Windows Azure provides two main things - a place to run your code and a place to store your data. When you are reading this keep in mind that Windows Azure is built for writing and hosting highly scalable and available applications - it is not about just moving your existing application into the cloud to let someone else deal with maintenance. This kind of application requires a different architecture and different building blocks.

Instances

Instances - this is a virtual machine where your role runs. You can create multiple instances of each role and spin up new instances in a very short space of time. An Instance can be configured to run a Web role, a Worker role or both a Web and Worker role.

Roles

Your code runs in a role; this is basically where your application will execute. In these roles, you have access to pretty much everything in the .Net framework - the only caveats that your code will run in Partial Trust - so no COM Interop or pInvoking in these applications, thank you very much. There are also a few other permission you can't have like accessing machine specific resources like the event log, direct access to the file system - but then accessing these on a highly scalable cloud base app doesn't really make too much sense. For a detailed list of what you can and can't do, please see "Windows Azure SDK Trust Policy Reference" in the SDK documentation - sorry couldn't find a like to it on MSDN.

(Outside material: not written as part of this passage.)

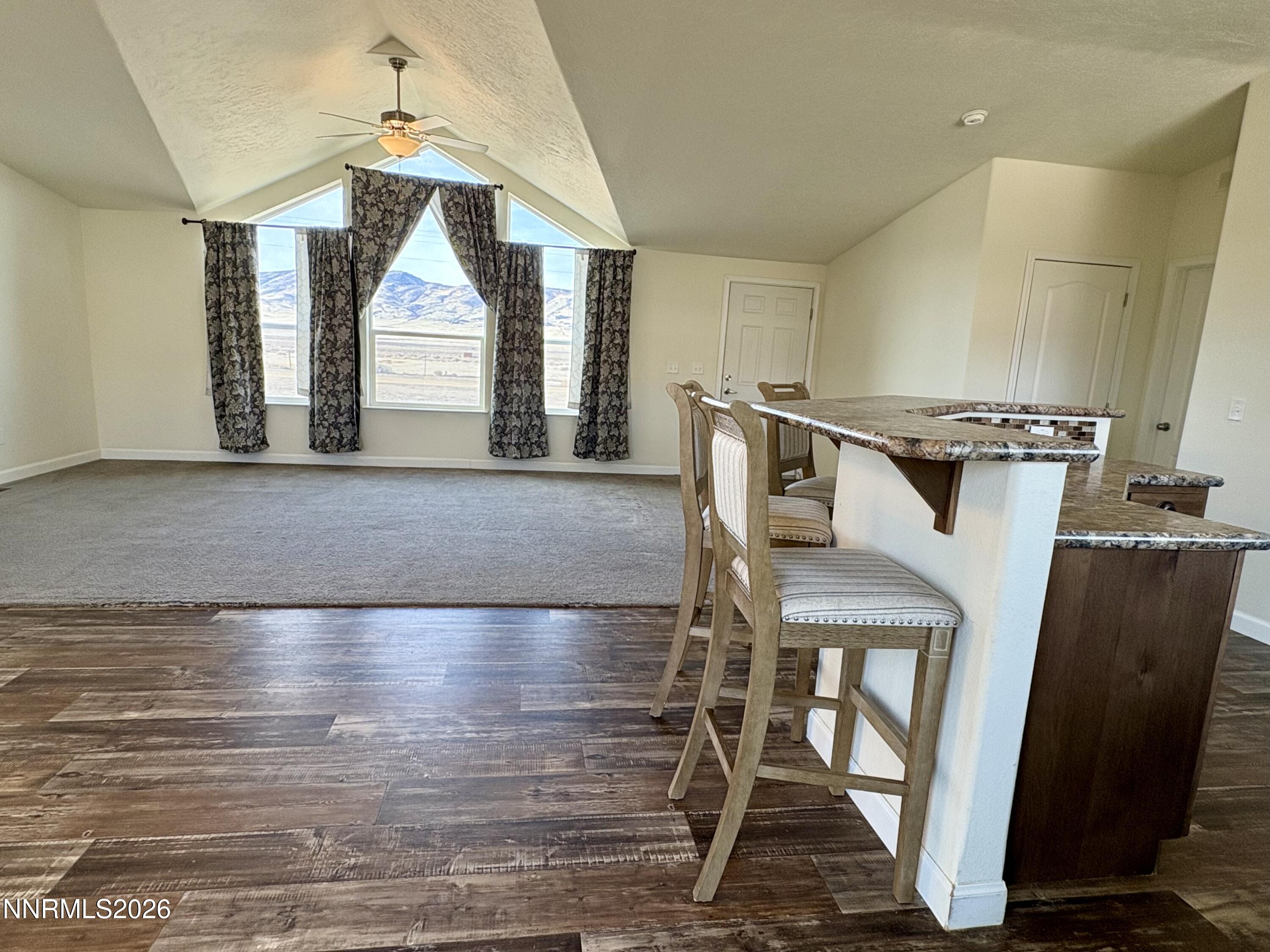 1415 Van Diest Road Winnemucca, NV 89445 - Photo 8 of 34 a living room with furniture and a window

Currently there are 2 types of role:

Web Roles - Analogous to an .Net Web Project; you can run ASP.Net WebForms, MVC, ASP.Net Web Services and WCF Services in these roles. These must be on ports 80 (HTTP) or 443 (HTTPS). Any sites or services you expose are going to have to be in a Web Role.

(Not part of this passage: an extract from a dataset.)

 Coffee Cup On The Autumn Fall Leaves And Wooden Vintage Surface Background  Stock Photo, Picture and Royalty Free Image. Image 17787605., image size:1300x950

Worker Role - This is similar to a Windows Service. It has no user interaction - in fact you can't actually expose any functionality from a Worker Role. You can access any of your Storage from a here, but nobody is going to make direct calls into your code. You get a "Main" function, but if you are going to be monitoring storage objects (think queues) or executing tasks on time base conditions, you are going to have to deal with the scheduling yourself. Expect your "Main" function to contain a loop, or more likely be spinning off some threads to do the work.

Storage

From the storage side of things, you have 3 options:

Tables - First of all, stop thinking about Database tables. No really, stop thinking about database tables. If you are a SQL guy and a committed RDMS fanatic, skip this bit and jump straight to using SQL Data Services. Still with me? Ok, you best sit down as this is where the world changes because to make truly scalable applications we have to throw out all the things that cause scalability problems. That means no transactions, very, very limited support for indexing, no transactions, effectively no query operations, no transactions, oh and no transactions. Ok, you get the point; the behaviours that you rely on in the transactional/relational world don't exist in Azure. Tables are very simples affairs that have columns and rows. Each column has a RowKey, which is index and is stored in sorted order (think SQL clustered index). None of the other columns are indexed, so if you tried to query against them, you end up doing a scan of all the rows.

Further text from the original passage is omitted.